This organizational confluence creates, to the reader a perspective of acceptance of the discourse of the protagonist Ricardo, and in the end be impacted with the breaking of expectations, with an unexpected and open outcome. Thus, although the linear style is considered a weakening of the individual factor and the internal discourse constructed as being the other's to achieve great sobriety, the story in question is a condition leading to the creative work of language, according to the theme, the production situation, the social horizon and the evaluative appreciation that affect the writing.

The picturesque style, in turn, is characterized as a representation of the realistic and critical individualism, in which "The impetus for weakening the peripheries of the utterance may originate in the author's context, in which case that context permeates the reported speech with its own intonation-humor, irony, love or hate, enthusiasm or scorn." (VOLOŠINOV, 1973, p.121); or what represents relativistic individualism, in which the dialogical movement is directed to reported discourse, and authorial context loses the objectivity which is its characteristic.
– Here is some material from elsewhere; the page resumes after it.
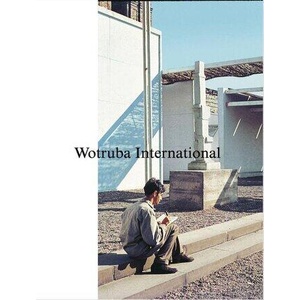Wotruba International | Verena Gamper (ISBN: 9783753308999)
It begins to perceive itself – and even recognizes itself-as subjective, "other person’s" speech. In works of fiction, this is often expressed compositionally by the appearance of a narrator who replaces the author (in the usual sense of the word). The narrator’s speech is just as individualized, colorful, and nonauthoritative as is the speech of the characters. The narrator's position is fluid, and in the majority of cases he uses the language of the personages depicted in the work. He cannot bring to bear against their subjective position a more authoritative and objective world (VOLOŠINOV, 1973, p.121).

The second orientation happens, therefore, by developing mixed models transmission of speech, in which predominate the variants of direct and indirect discourse that have more flexibility and are more permeable in relation to the tendencies of the authorial context. An example of such an orientation appears in the short story The Bridegroom. It is about the story of Miguel, a 40-year-old man, lawyer of Goldsmith company.
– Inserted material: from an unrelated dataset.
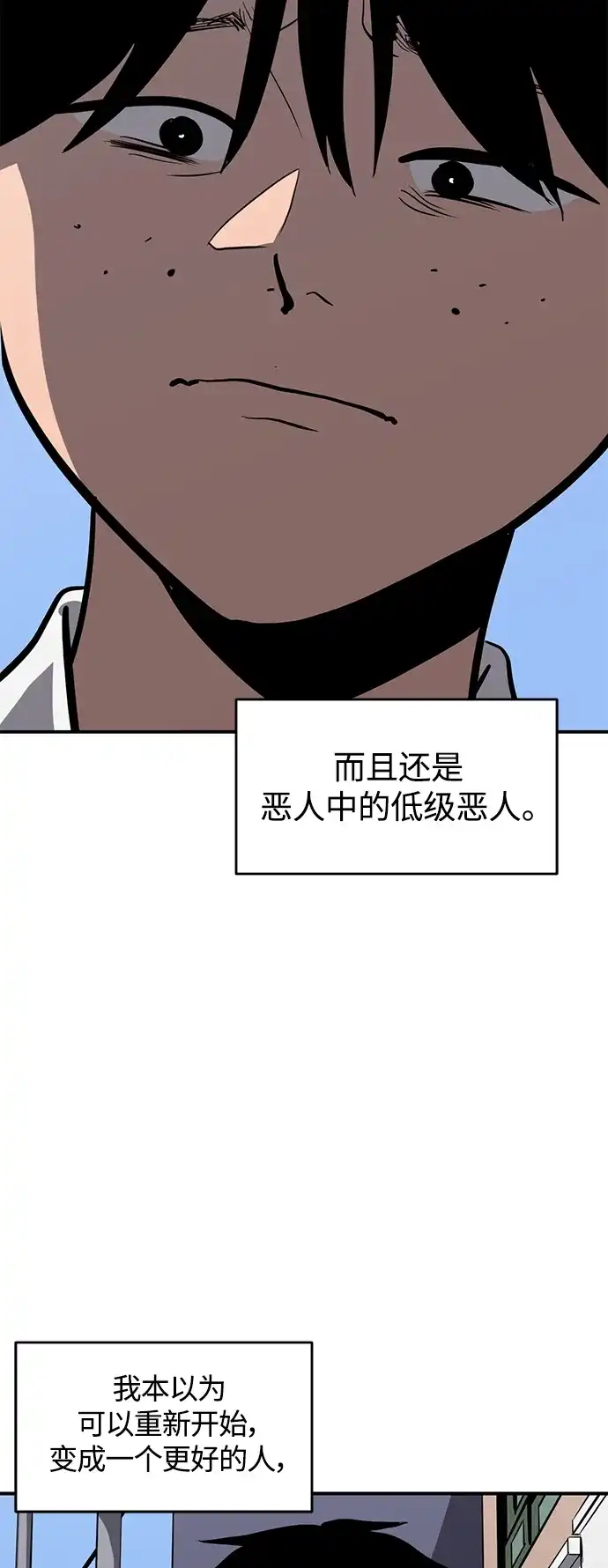 秀熙live 第109话 第45页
One morning, Michael is awakened by his maid, who tells him he is late for his wedding. However, the unusual is that he does not remember anything about the appointment, much less about the bride: lacunar amnesia. Therefore, a search process starts toward the climax: who will be the one who waits forhim at the altar?

He laid his head on the back of the bed. Wedding time. But what wedding? Today is Thursday, right? Thursday, November 12. So? Who gets married today? I have no wedding scheduled for today. And early in the morning... His eyes wandered around the room. She was getting too old, poor she, that was atherosclerosis, figure it out, knocking at the door like that, "time of the wedding! ..." He yawned. The objects in the room floated shapeless in the darkness. He thought of a sinking into a deep sea. So poetic. He squinted and settled in the oval mirror that emerged from the shadows like a bright fish. Thursday twelve. "What is this wedding? I know nothing..." (TELLES, 2008, p.7).
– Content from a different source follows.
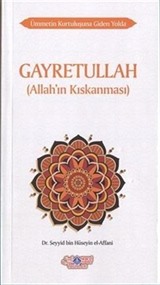 Gayretullah (Allah'ın Kıskanması)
The plot unfolds in a chronology of a few hours, but the character remembers his whole life, what he considered an insane moment. The narrator is heterodiegetic, giving voice to the character through mainly using two variants of direct speech: substituted and prepared speech. In the first type, according to Vološinov (1973), it lacks the specific boundary between narrator’s voice and flow of thought of the hero.

In the example cited, extracted from the story, the questions introduce the protagonist’s deliberations or the narration of his actions. These questions constitute both a narrator’s and character proposition when the latter is in a conflict situation. However, to Vološinov (1973), it is narrator's voice which predominates, assuming the scene and replacing the protagonist’s one. Because the narrator is the spokesman of the hero’s speech, the questions are not enclosed in quotation marks.

The above characteristic, in The Bridegroom, provides a balance between style and theme, ensuring the verisimilitude to the text, which intends to express thoughts, desires, the character’s internal chaos before something so unusual.

As Vološinov (1973), in this orientation of the dynamics of the relationship between enunciation and reported speech, inserted in the pictorial style, we can notice the development of subtle linguistic strategies to allow the author to insert their replies and comments in the discourse of the other.

The reporting context strives to break down the self-contained compactness of the reported speech, to resolve it, to obliterate its boundaries. We may call this style of speech reporting pictorial. Its tendency is to obliterate the precise, external contours of reported speech; at the same time, the reported speech is individualized to a much greater degree-the tangibility of the various facets of an utterance may be subtly differentiated. This time the reception includes not only the referential meaning of the utterance, the statement it makes, but also all the linguistic peculiarities of its verbal implementation (p.120-121).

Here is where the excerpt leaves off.